_YOUR TASK_
Extract, exactly as written, the line that contains "this 800×568 image." and all lines after it through the end of the records. Omit pictures.

[[ DATA FOR PROCESSING, beginning ]]

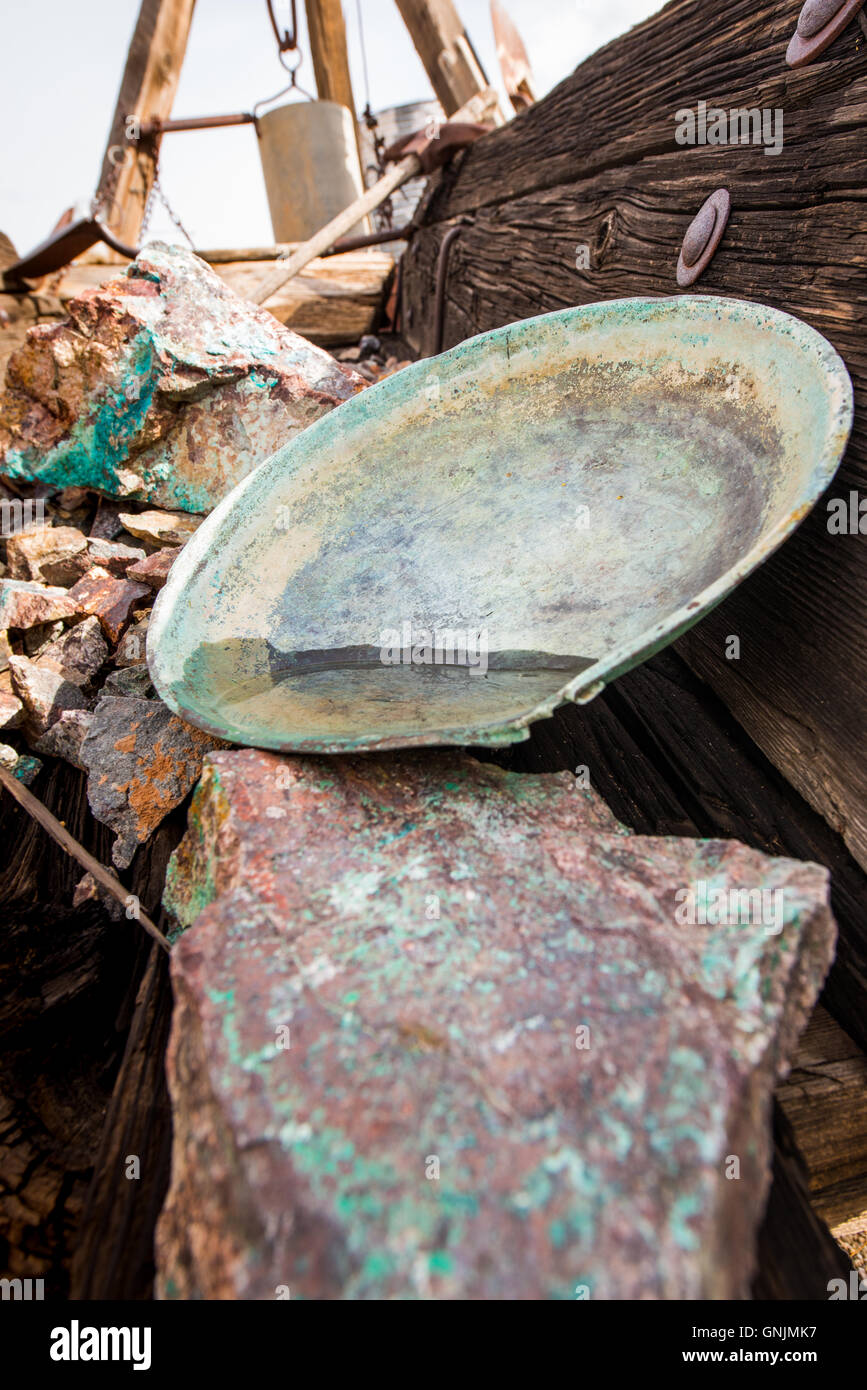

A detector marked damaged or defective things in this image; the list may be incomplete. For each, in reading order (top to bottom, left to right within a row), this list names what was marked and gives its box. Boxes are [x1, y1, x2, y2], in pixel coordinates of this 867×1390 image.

rusty nail head [789, 0, 861, 67]
rusty metal bracket [783, 0, 867, 67]
rusty iron bar [430, 222, 464, 353]
rusty nail head [675, 189, 728, 289]
rusty metal bracket [675, 189, 728, 289]
corroded metal pan [148, 293, 855, 750]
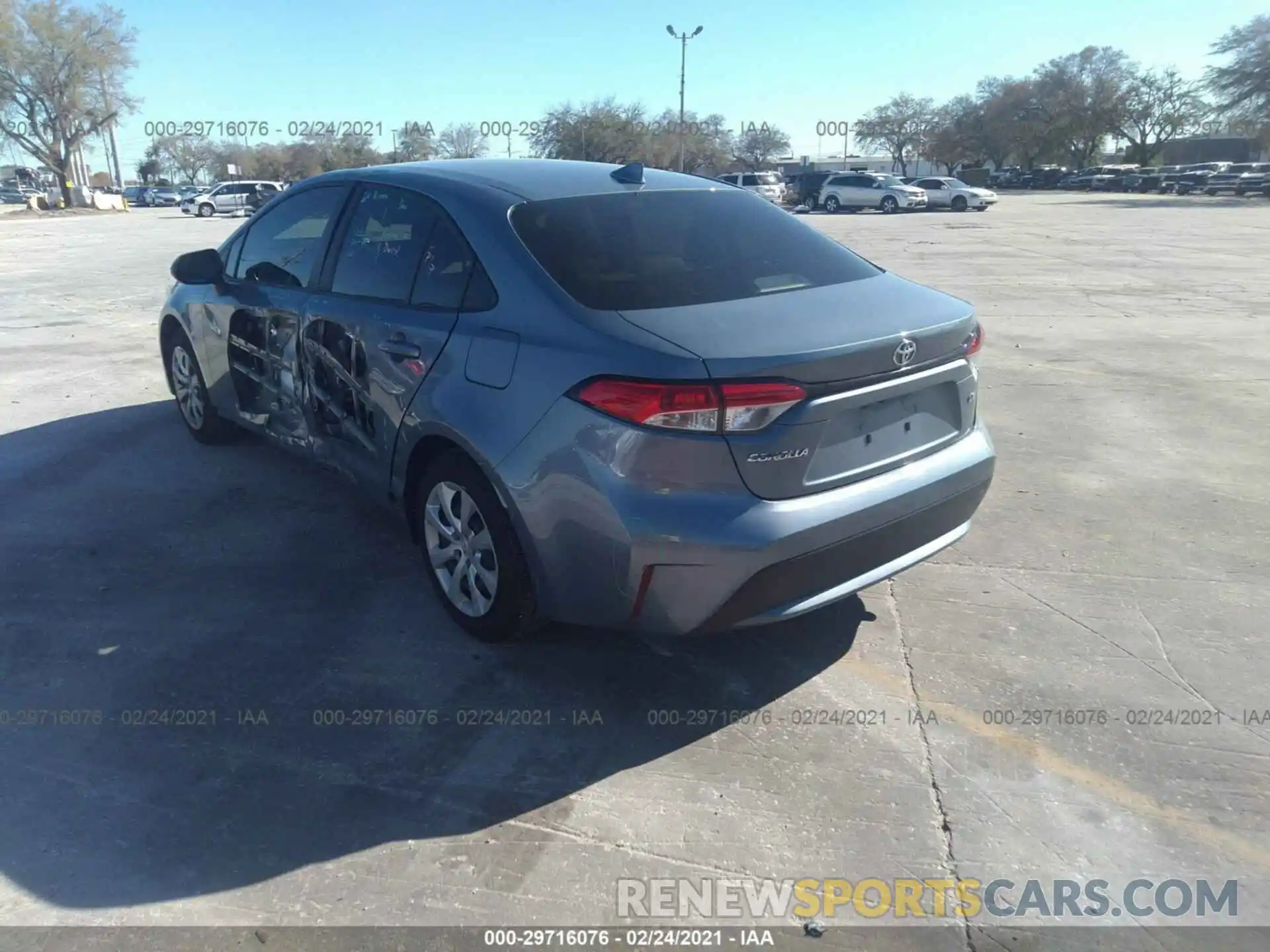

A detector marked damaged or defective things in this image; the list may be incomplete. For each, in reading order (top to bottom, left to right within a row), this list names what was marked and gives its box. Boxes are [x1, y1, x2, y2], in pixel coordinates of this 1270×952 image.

damaged car door [216, 188, 350, 452]
damaged car door [300, 182, 470, 492]
crack in concrete [889, 581, 975, 952]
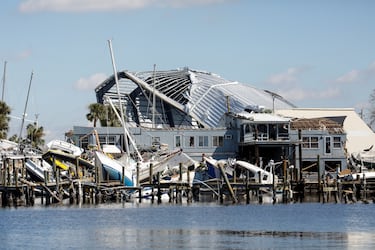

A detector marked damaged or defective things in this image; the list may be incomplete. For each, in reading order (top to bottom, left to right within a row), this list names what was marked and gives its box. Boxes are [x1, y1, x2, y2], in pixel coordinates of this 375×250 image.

bent metal roofing [96, 67, 296, 128]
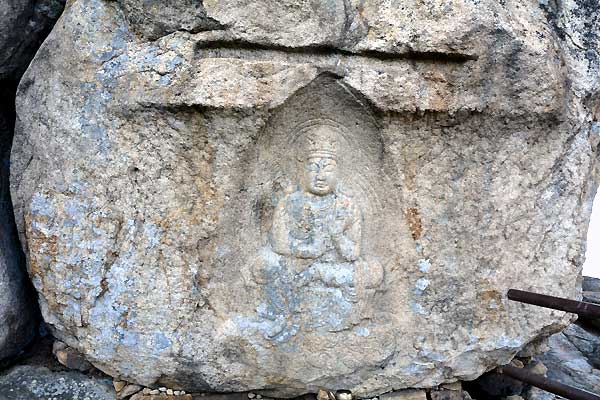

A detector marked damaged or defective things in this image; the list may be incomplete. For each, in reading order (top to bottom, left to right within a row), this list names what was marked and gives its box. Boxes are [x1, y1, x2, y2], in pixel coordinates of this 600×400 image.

rusty metal rod [506, 290, 600, 320]
rusty metal rod [500, 366, 596, 400]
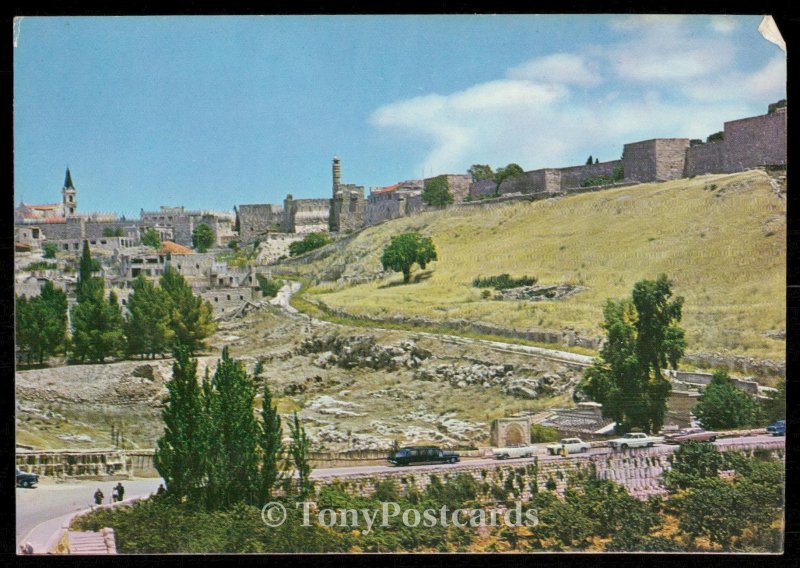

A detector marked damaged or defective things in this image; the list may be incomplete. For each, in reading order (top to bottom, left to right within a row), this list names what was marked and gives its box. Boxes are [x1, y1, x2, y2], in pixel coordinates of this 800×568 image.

torn paper corner [760, 15, 784, 53]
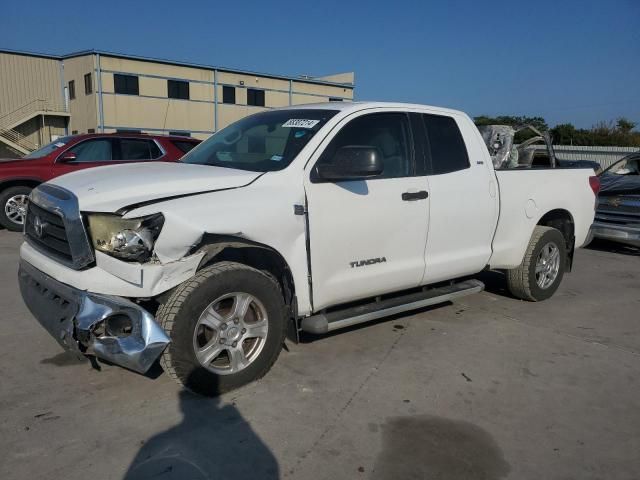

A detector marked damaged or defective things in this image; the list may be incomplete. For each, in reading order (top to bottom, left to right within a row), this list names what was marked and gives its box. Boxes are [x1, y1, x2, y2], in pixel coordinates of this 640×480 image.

[[ DATA FOR PROCESSING, end ]]

_SOLUTION FOR THIS EXERCISE_
A detector marked damaged or defective things in this image; the list may be incomplete. For each, in reading order (top to bottom, left to right within a row), this list names what was marked and gives its box. Boxes are [x1, y1, x2, y2], in pixel coordinates of this 800×568 image.

torn paper corner [760, 15, 784, 53]

A detector marked damaged or defective things in this image; the list may be incomplete. For each, in reading order (top to bottom, left to right within a row), this list names what was marked and gives its box. Boxes are [x1, y1, x2, y2], in pixel coordinates of this 640×480 image.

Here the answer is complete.